A Pennsylvania judge on Friday held Curley, the university’s athletic director, and Schultz, a retired senior vice president, for trial after the daylong hearing.
Curley said that McQueary never relayed the seriousness of what he saw, and said he was only told that Sandusky was “horsing around” with a boy but that his conduct wasn’t sexual.
He said he told the university president about the episode and the top official at a children’s charity that Sandusky founded, but never told university police. “I didn’t see any reason because I didn’t think at the time it was a crime,” he told the grand jury, according to testimony read into the record on Friday.
Curley, Schultz and Paterno have been criticized for never telling police about the 2002 charges. Prosecutors say Sandusky continued to abuse boys for six more years.
In about two hours on the witness stand, McQueary said again and again that what he saw was a sexual act, although he stopped short of saying he was sure that Sandusky, now 67, had raped the boy.
“I believe Jerry was sexually molesting him and having some type of sexual intercourse with him,” McQueary said on Friday. He said later he “can’t say 100 percent” that Sandusky and the boy were having intercourse because he was seeing Sandusky from behind.

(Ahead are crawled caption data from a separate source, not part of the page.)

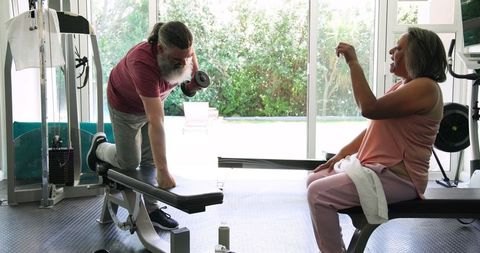Senior Couple Relaxing with Smoothies Post Workout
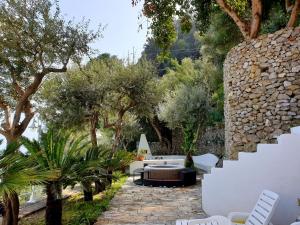 un patio avec une table, des chaises et des arbres dans l'établissement La Limonaia e La Praia, à Praiano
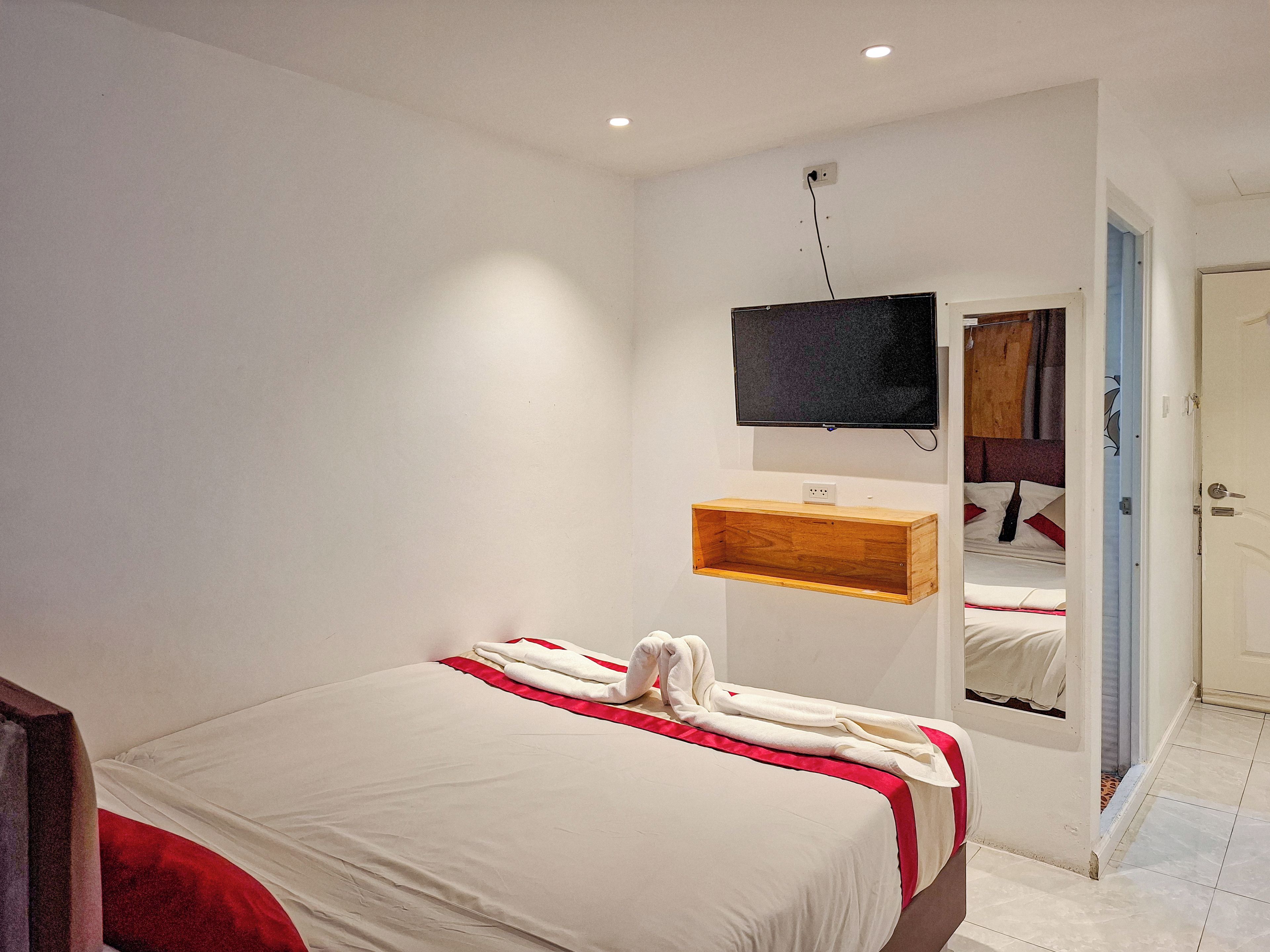Una habitación de hotel con una cama, un televisor montado, un estante de madera y un espejo.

He said after talking to his father, he went over to Paterno’s home the next morning and said that what he had seen “was way over the lines, it was extremely sexual in nature.” He said he would not have used words like sodomy or intercourse with Paterno; he did not get into that much detail out of respect for the coach, he said.
Paterno told the grand jury that McQueary said he saw Sandusky doing something of a “sexual nature” with the youngster but that he didn’t press for details.
“I didn’t push Mike ... because he was very upset,” Paterno said. “I knew Mike was upset, and I knew some kind of inappropriate action was being taken by Jerry Sandusky with a youngster.”
Paterno told McQueary he would talk to others about what he’d reported.
McQueary said he met nine or 10 days later with Curley and Schultz and told them he’d seen Sandusky and a boy, both naked, in the shower after hearing skin-on-skin slapping sounds.
“I would have described that it was extremely sexual and I thought that some kind of intercourse was going on,” said McQueary.
McQueary said he was left with the impression both men took his report seriously. When asked why he didn’t go to police, he referenced Schultz’s position as a vice president at the university who had overseen the campus police
“I thought I was talking to the head of the police, to be frank with you,” he said. “In my mind it was like speaking to a (district attorney). It was someone who police reported to and would know what to do with it.”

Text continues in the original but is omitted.